What is clear from the research, Daley said, is that as depressed girls make the transition from adolescence to adulthood, it is in their best interest to maintain close female friendships, because that is where they stand the best chance of receiving emotional support and comfort.

“Depressed women should also be aware of the kinds of partners they are choosing,” Daley said. “They may be choosing the very partner who won’t be there for them.”

In another study on the topic, psychologists examined the relationships of 55 depressed, college-age women who were rated as holding extremely high expectations of their loved ones (under the label “other-oriented relationship perfectionism”).
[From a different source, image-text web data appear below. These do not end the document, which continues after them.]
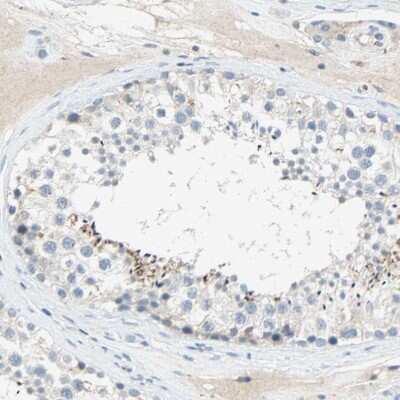 Immunohistochemistry-Paraffin PCDHB2 Antibody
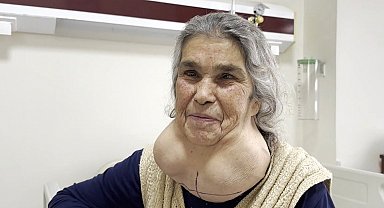 Doktordan korktuğu için yıllarca devasa kitleyle yaşadı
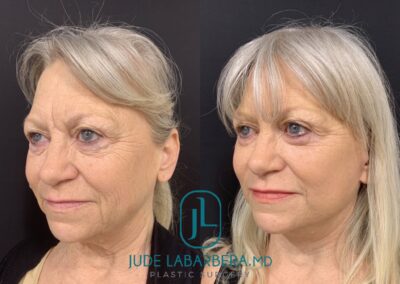 FACELIFT Before & After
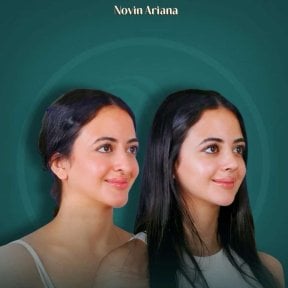 before-after photo revision-rhinoplasty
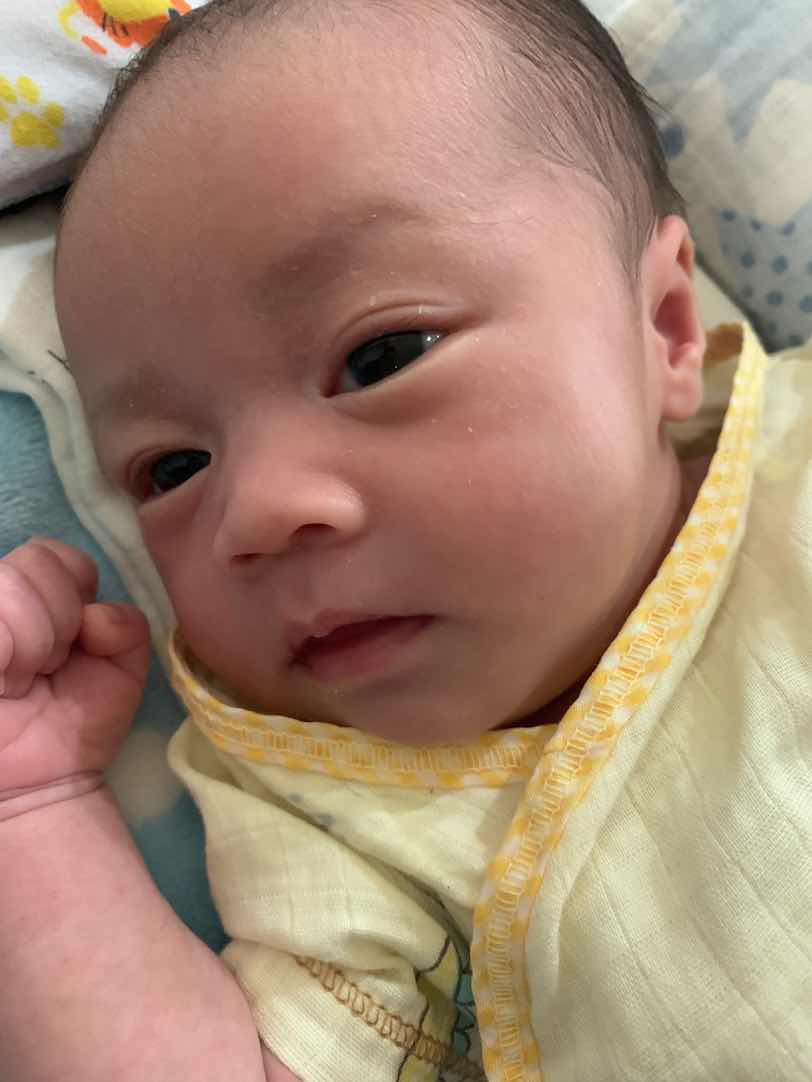 ขนคิ้วลูกร่วงเป็นเรื่องปกติหรือเปล่า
In their report, published in the March issue of the Journal of Social and Clinical Psychology, Scott B. McCabe, an associate professor of psychology at the University of Waterloo in Ontario, Canada, and Robyn E. Wiebe, a University of Waterloo graduate student found that depressed women often have such extreme expectations of how people should treat them that they became hostile, angry, frustrated and irritable when loved ones fall short, no matter how sympathetically they are treated.

“Relationship perfectionism in depressed women is linked to hostility and irritability in interpersonal relationships,” said McCabe, who said the study was the first to explore the effects of perfectionism in interpersonal relationships. The study was an outgrowth of McCabe’s clinical work in psychiatric hospitals, where he noticed some depressed female inpatients would return from weekends home enraged, disappointed and hostile.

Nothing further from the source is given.